An escrow account is created when one party to a transaction delivers a sum to a third party, the escrow agent, to hold until a certain condition is met, at which point the sum is delivered to the other party to the transaction. Grand Pac. Fin. Corp. v. Brauer, 57 Mass. App. Ct. 407, 416, n. 6, 783 N.E.2d 849, 859, n. 6 (Mass. 2003) (citing Frontier Enterprises, Inc. v. Anchor Co. of Marblehead, 404 Mass. 506, 510, 536 N.E.2d 352 (1989)); see also Black's Law Dictionary 584 (8th ed. 2004) (defining escrow as ". . . 4. the general arrangement under which a legal document or property is delivered to a third person until the occurrence of a condition."). The intent of the parties controls whether a sum placed with the third person is an escrow or a completely executed instrument. 28 Am. Jur. 2dEscrow § 7. "When the language of the instrument is vague and indefinite, however, the court must inquire into the circumstances and conditions surrounding the execution of the agreement to ascertain the intention of the parties." Id. A formal contract is not needed to form an escrow agreement; courts have inferred such agreements from an exchange of letters. Mercurius Inv. Holding, Ltd. v. Aranha, 247 F.3d 328, 331 (1st Cir. 2001) (applying Massachusetts law) (citing Kaarela v. Birkhead, 33 Mass. App. Ct. 410, 600 N.E.2d 608, 609-10 (Mass.App.Ct. 1992)). "Moreover, while cases often speak of funds in escrow as being held by a third party, one party's counsel may act as an escrow holder so long as the parties agree that in this capacity counsel is to serve not as 'the agent of either of the parties,' but as 'a fiduciary of both of them.'" Id.

Here, the Court finds the existence of an escrow agreement is supported by a preponderance of the relevant and credible evidence presented at trial. First, the language of the Agreement itself supports this conclusion. The parties concur that the Agreement is unambiguous, but each argues that different conclusions should be drawn from its language. The Cadillac Lounge, citing the second paragraph in its entirety, argues that it is clear that the money was to be paid only after the successful transfer of the License. McAteer, however, claims that the language states that the seller was to receive the money upon the signing of the Agreement. He points to the line, "The PURCHASER shall pay the Twenty-Thousand Dollars ($20,000) to the SELLER upon the signing of this agreement to be held in the client's trust account of the SELLER'S attorney, Sean M. McAteer, Esquire[.]" This language, he argues, unambiguously states that the payment was to be made at the time the Agreement was executed, and that McAteer was merely acting as an agent of a disclosed principle in accepting the money to be put in his client's trust account.

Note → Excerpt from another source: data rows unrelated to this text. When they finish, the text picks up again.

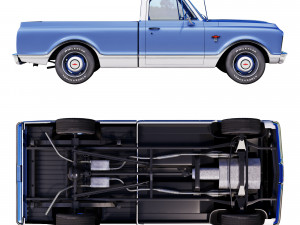 Chevrolet C10 1967 3D Модель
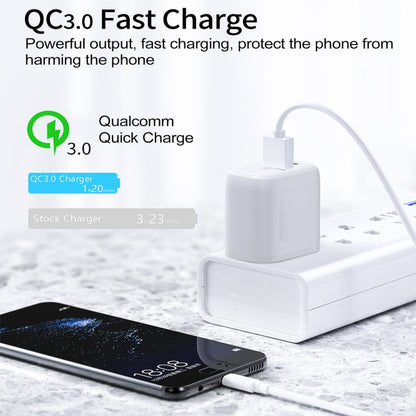 CS-20W Mini Portable PD3.0 + QC3.0 Dual Ports Fast Charger  with 3A USB to Micro USB Data Cable(US Plug) - USB Charger by buy2fix | Online Shopping UK | buy2fix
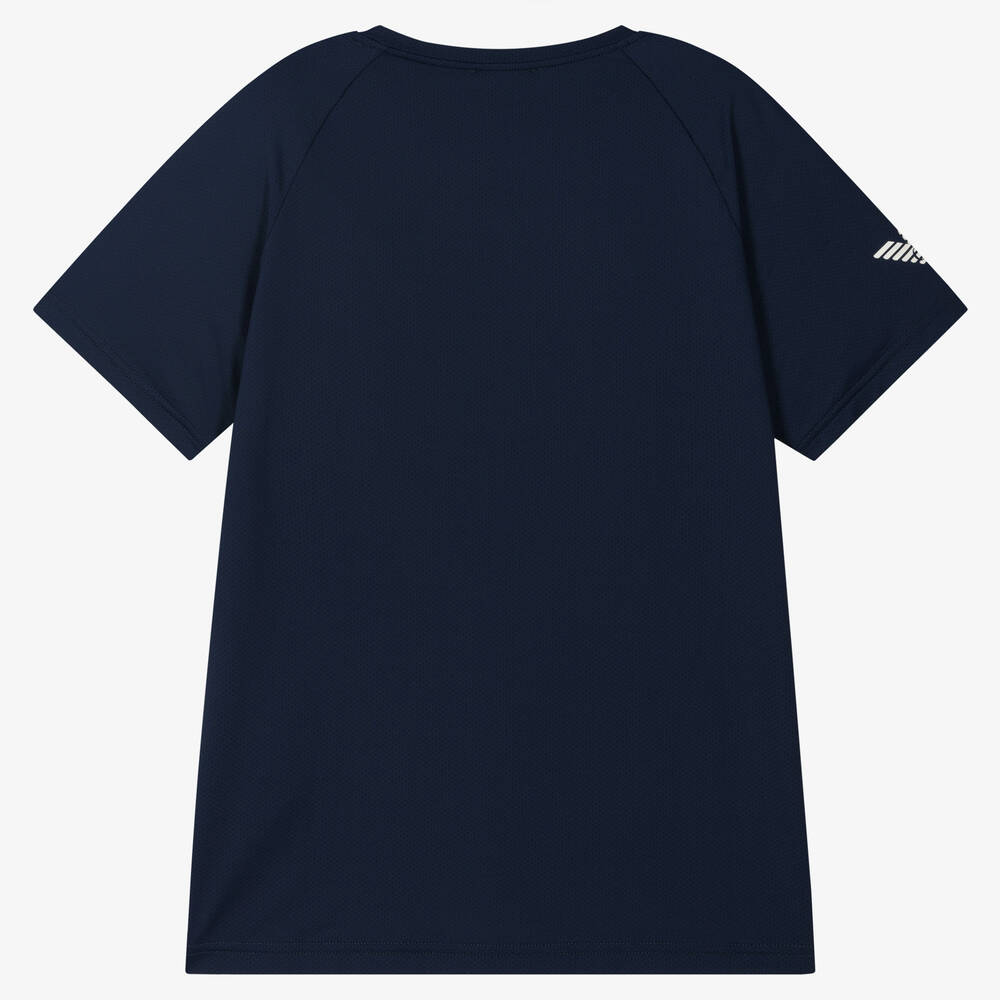 EA7 Emporio Armani-Teen Boys Navy Blue Ventus7 Sports T-Shirt | Childrensalon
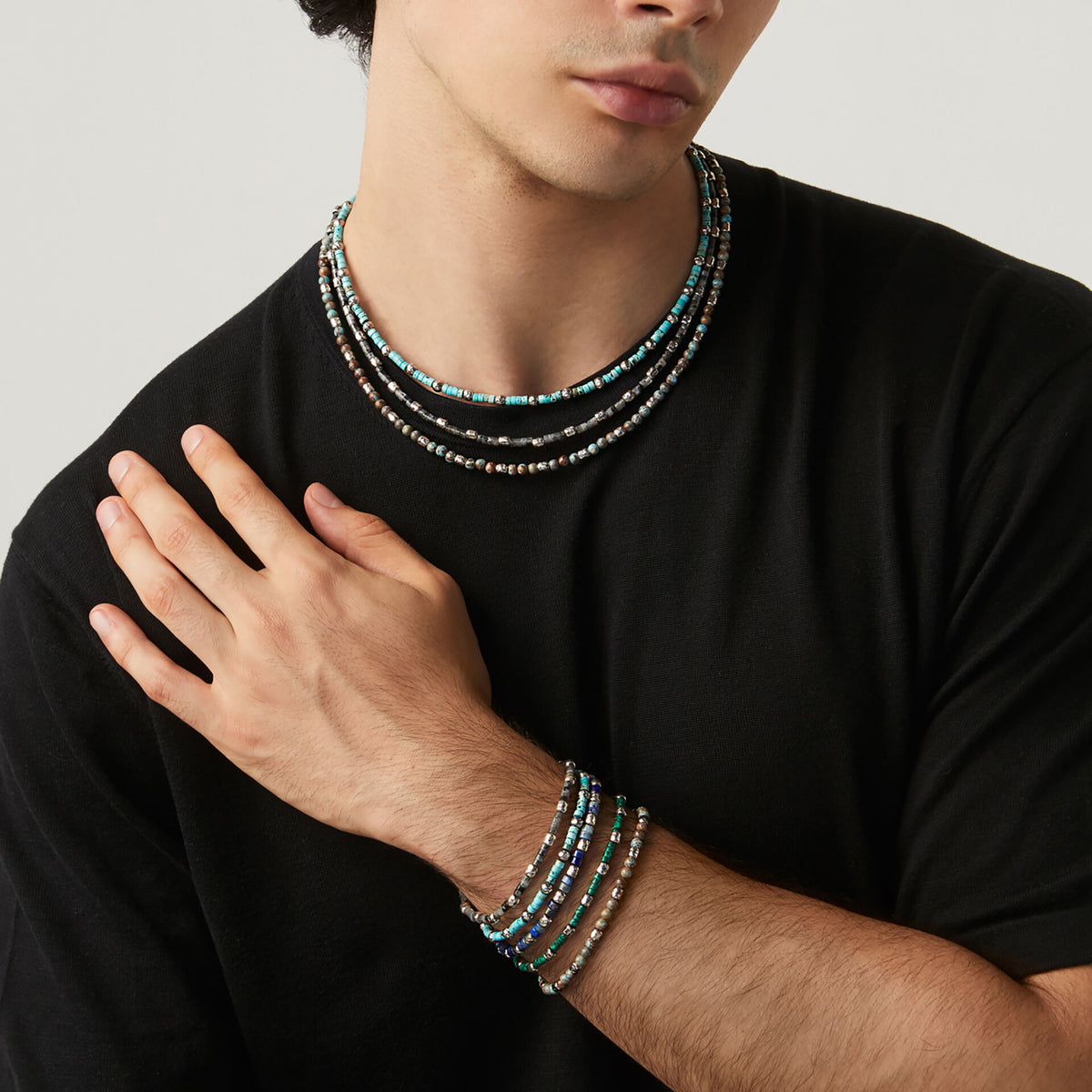Bracciale Tango Lapislazzuli Giovanni Raspini in argento 925 — 20 cm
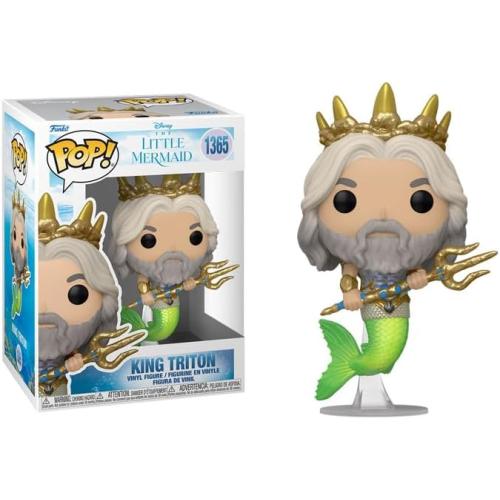 Funko The Little Mermaid Live Action   Protector: Pop! Disney Vinyl Figure (Bundled with ToyBop Box Protector Collector Case) (King Triton)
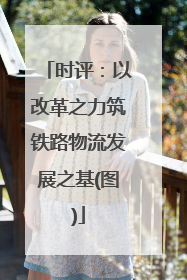 时评：以改革之力筑铁路物流发展之基(图)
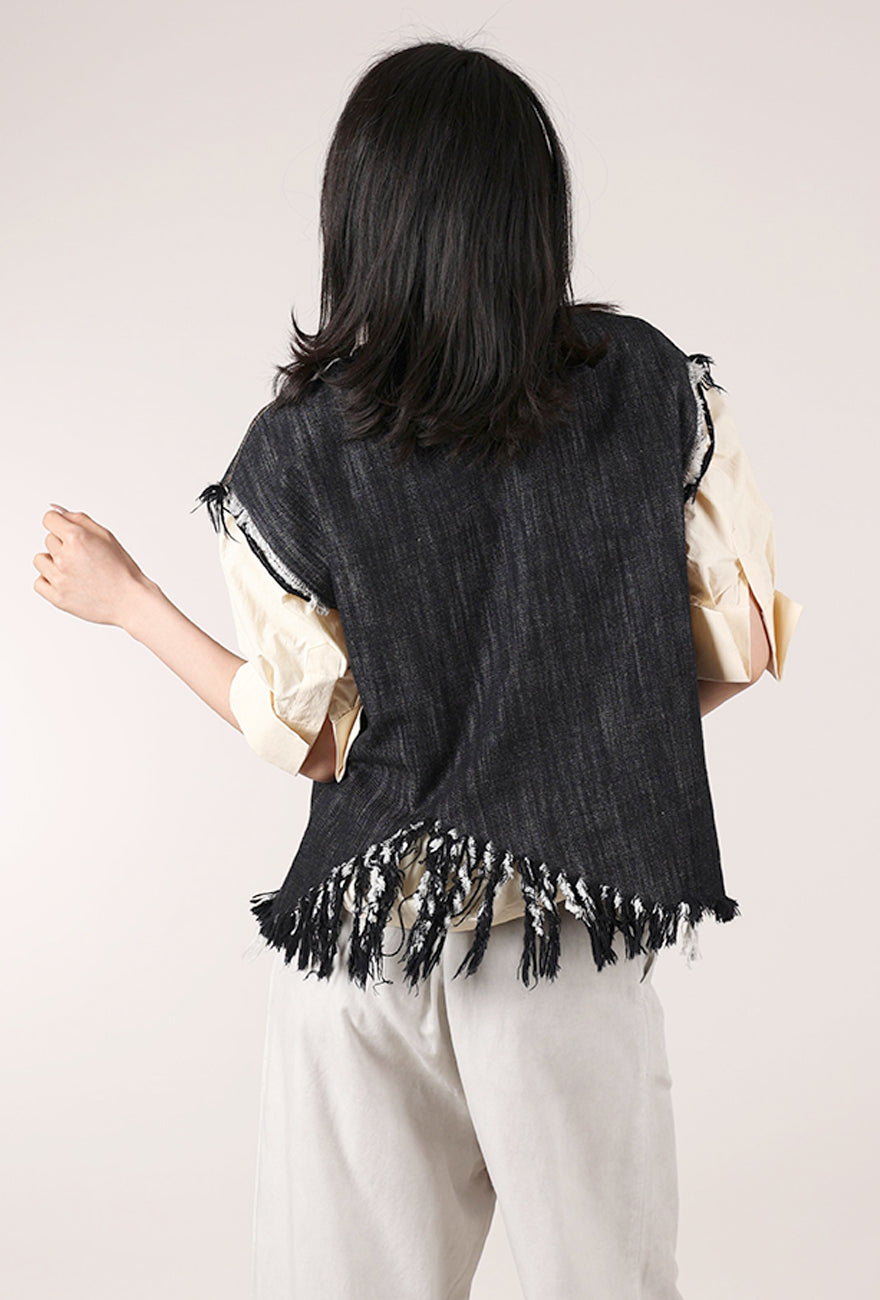 La Vaca Loca Faceta Top, Blue-Black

McAteer's analysis of the language, however, ignores the rest of that sentence. The sentence, in full, reads: "The PURCHASER shall pay the Twenty-Thousand Dollars ($20,000) to the SELLER upon the signing of this agreement to be held in the client's trust account of the SELLER'S attorney, Sean M. McAteer, Esquire pending the completion, submission, hearing, and decision of and on the transfer application to the City of Providence Board of Licenses." The use of the word "pending" clearly indicates that the funds were not to be transferred to La Petite France at the time the Agreement was executed, but rather, that the transfer of the money was contingent upon the transfer of the License.See, Black's Law Dictionary 1169 (8th ed. 2004) (defining "pending" as "[t]hroughout the continuance of; during" or "[w]hile awaiting; until"). In the context of this Agreement, it is clear that the money was to be secured in the clients' trust account — and was therefore unavailable for disbursement — until the completion of the License transfer. The nature of the arrangement strongly supports this conclusion as well. The word "appeal" is not specifically mentioned in the Agreement; however, it is axiomatic that the granting of the transfer application is not final until the appeal period has run, or the appeals process is completed and the license is actually transferred. It strains credulity to believe that the parties intended that The Cadillac Lounge should pay $20,000 even if it never received the License because the decision to transfer the License was overturned on appeal.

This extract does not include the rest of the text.